I had limited awareness of John Belushi’s immense mythos before The Blues Brothers arrived on retail video in the UK (so 1991?) My familiarity with SNL performers really began with Ghostbusters’ release, which meant picking up the trail of Jake and Elwood was very much a retrospective deal. I knew Animal House, knew Belushi’s impact there, knew 1941 (the Jaws parody was the best bit), knew Wired was a biopic better avoided.

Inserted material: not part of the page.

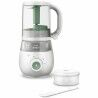 Robot de Cozinha Philips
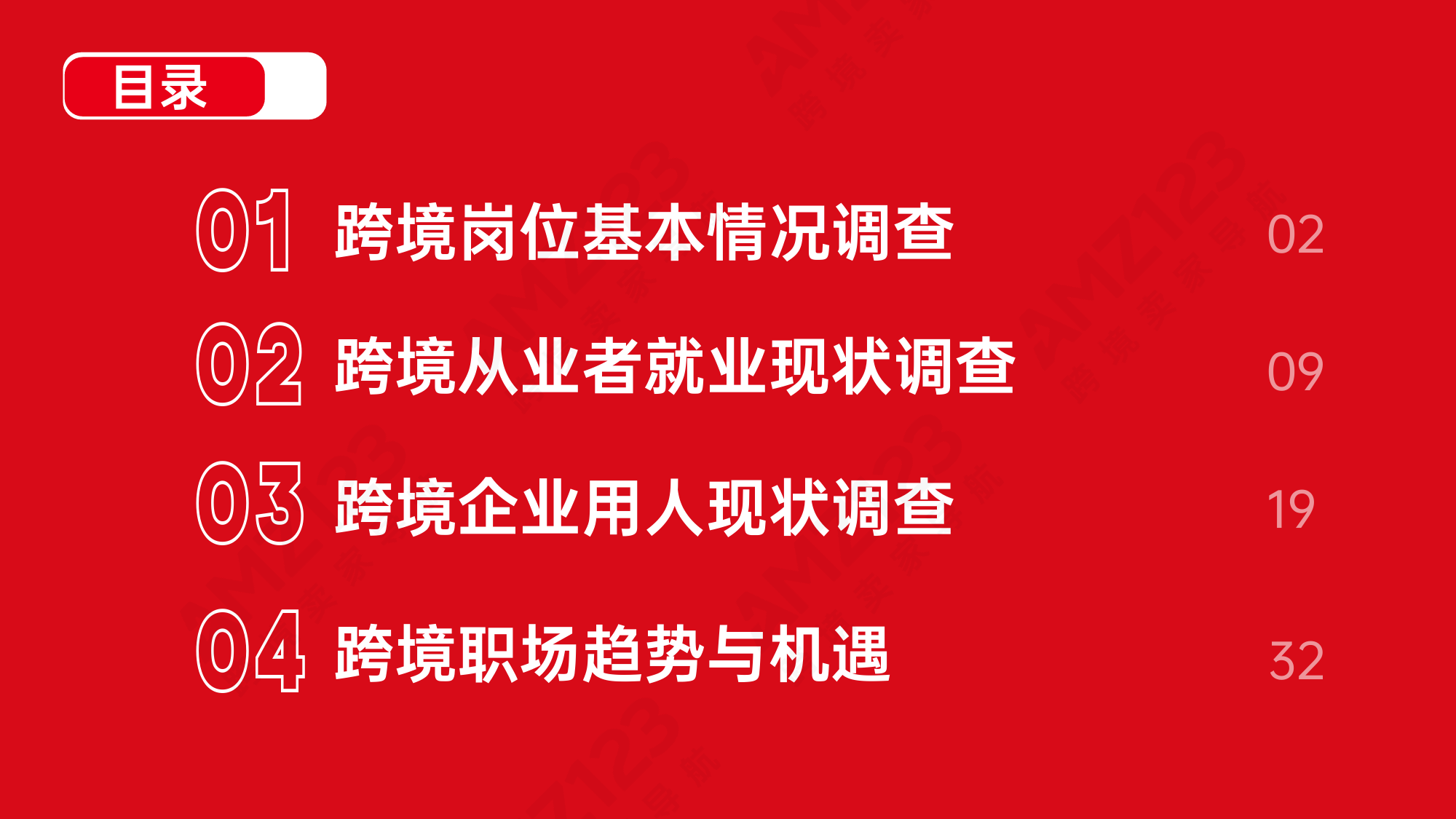 AMZ123：2023年跨境电商职场现状调研报告_第2页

But the minor renaissance he, and they, underwent in the UK in the early ’90s seemed to have been initiated by Jive Bunny and the Mastermixers, of all things; Everybody Needs Somebody was part of their That Sounds Good to Me medley, the first of their hits not to make No.1, and Everybody’s subsequent single release then just missed the Top 10 Perhaps it was this that hastened CIC/Universal to put the comedy out on video. Had the movie done the rounds on UK TV in the 80s? If so, it managed to pass me by. Even before the home video afterlife, though, The Blues Brothers was distinctive; it arrived as a ready-made cult movie. But then, John Landis’ oeuvre is cult movies.

That was part of the ramshackle charm of his pictures, albeit this rather fluctuated, depending on the demands of stars (Coming to America is pretty slick) and quality (no one will find much to charm in Beverly Hills Cop III or Blues Brothers 2000). Despite the expense of The Blues Brothers, and the scale – Landis noted its out-of-control movie rep at the time, along with Star Trek: The Motion PictureApocalypse NowHeaven’s Gate, and 1941 – it has a certain homemade quality. That may in part be down to the largely unadorned industrial grime DP Stephen M Katz captures in the Chicago locations (Katz earlier worked with Landis on Kentucky Fried Movie, and would later recur on Dream On, but his CV is less than distinguished in terms of classy fare). It’s easy to look at the opening shot of the Chicago skyline and assume it’s a Blade Runner outtake. This lo-fi presentation of urban decay will recur in various forms during the ’80s, notably Alex Cox’s Repo Man.

It may also be part of Universal’s diktats, whereby Ned Wasserman decreed “… you’ve got to take half an hour out. So I did. I chopped it up”. As Landis saw it “The whole joke of The Blues Brothers is how immense it is. The original cut had real scale. By chopping it up, it lost that sense of size. There are still great moments, but it lost the scale. It was gigantic… The whole point is it’s silly”. What survives this pruning – even the restored version isn’t as restored as Landis’ favoured cut – is in common with the best parts of Landis’ early works, though: a sense of rollicking anarchy. Something that, by the time he was embedded with ex-SNL performers who were now comfortable with regular movie paycheque gigs, was largely lost, however sporadically inspired the proceedings might have been (Spies Like UsThree Amigos!)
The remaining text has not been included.